Destinations International (formerly Destination Marketing Association International)
- Formation: 1914
- Type: Industry trade group
- Headquarters: 2025 M Street, NW, Suite 500 Washington, D.C.
- Location: United States • Brussels;
- Region served: Worldwide
- Membership: 658+ Destination Organizations and CVBs
- President & CEO: Don Welsh
- Main organ: Board of directors
- Budget: US$6,242,900
- Staff: 17
- Website: www.destinationsinternational.org

= Destination Marketing Association International =

Tourism marketing organization

Destinations International (formerly Destination Marketing Association International) is a professional organization representing destination organizations and convention and visitor bureaus worldwide.

As the world's largest resource for official destination organizations, Destinations International represents over 6,000 professionals from 575 destination organizations across the globe.

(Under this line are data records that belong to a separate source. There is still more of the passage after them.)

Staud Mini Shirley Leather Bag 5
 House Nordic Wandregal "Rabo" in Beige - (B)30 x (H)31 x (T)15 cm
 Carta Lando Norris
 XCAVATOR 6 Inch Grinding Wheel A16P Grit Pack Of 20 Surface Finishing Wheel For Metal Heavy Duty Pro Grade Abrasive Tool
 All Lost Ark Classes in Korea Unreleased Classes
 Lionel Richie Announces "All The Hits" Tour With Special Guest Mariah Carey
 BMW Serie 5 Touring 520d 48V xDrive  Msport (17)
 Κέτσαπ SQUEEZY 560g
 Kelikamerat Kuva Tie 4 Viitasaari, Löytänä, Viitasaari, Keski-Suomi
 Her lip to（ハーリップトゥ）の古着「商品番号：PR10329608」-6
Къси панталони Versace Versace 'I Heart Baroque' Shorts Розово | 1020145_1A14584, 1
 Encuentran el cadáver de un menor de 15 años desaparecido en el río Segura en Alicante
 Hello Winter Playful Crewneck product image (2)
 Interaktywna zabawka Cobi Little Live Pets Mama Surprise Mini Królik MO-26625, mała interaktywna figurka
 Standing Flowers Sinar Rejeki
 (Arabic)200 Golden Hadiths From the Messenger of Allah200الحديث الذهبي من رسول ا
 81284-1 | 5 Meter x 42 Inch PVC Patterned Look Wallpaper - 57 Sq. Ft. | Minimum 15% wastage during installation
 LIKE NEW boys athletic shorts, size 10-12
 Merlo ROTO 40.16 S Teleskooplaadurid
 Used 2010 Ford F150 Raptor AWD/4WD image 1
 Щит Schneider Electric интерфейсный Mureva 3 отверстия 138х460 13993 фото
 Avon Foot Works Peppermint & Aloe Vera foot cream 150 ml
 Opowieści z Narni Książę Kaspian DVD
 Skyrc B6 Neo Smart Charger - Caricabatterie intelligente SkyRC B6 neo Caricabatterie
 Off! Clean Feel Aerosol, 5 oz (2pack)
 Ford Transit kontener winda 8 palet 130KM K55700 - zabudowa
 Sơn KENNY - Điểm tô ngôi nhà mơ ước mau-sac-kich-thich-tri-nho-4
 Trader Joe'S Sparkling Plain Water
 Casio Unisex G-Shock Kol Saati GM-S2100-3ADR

They provide members— professionals, industry partners, students and educators— with educational resources, networking opportunities and marketing benefits available worldwide.

They maintain an online bookstore and resource center, an e-mail discussion lists for members, professional certificates and designations (PDM, CDME), an accreditation program and an official online travel portal. Destinations International also owns the Meeting Information Network (MINT), the meetings and convention database.

== History ==
The present Destinations International was founded in 1915 in St. Louis by sales representatives of 28 different US destinations as the Association of Convention Secretaries whose goal was to share accurate information about conventions, promote sound professional practices in the solicitation and servicing of meetings and conventions, and develop "scientific" principles of convention management. After adding an international member to the group in 1919, the decision was made to change the name the following year (1920) to the International Association of Convention Bureaus (IACB). In 1974, the association changed its name again to the International Association of Convention and Visitors Bureau (IACVB) in order to reflect the growing importance of consumer travel. In August 2005, the association changed its name to become Destination Marketing Association International.

It was announced in March 2017 that the organization would change its name once again to more accurately reflect the changing role of Destination Marketing Organizations. The new name, Destinations International, was rolled out at the organization's annual meeting in Montreal in July.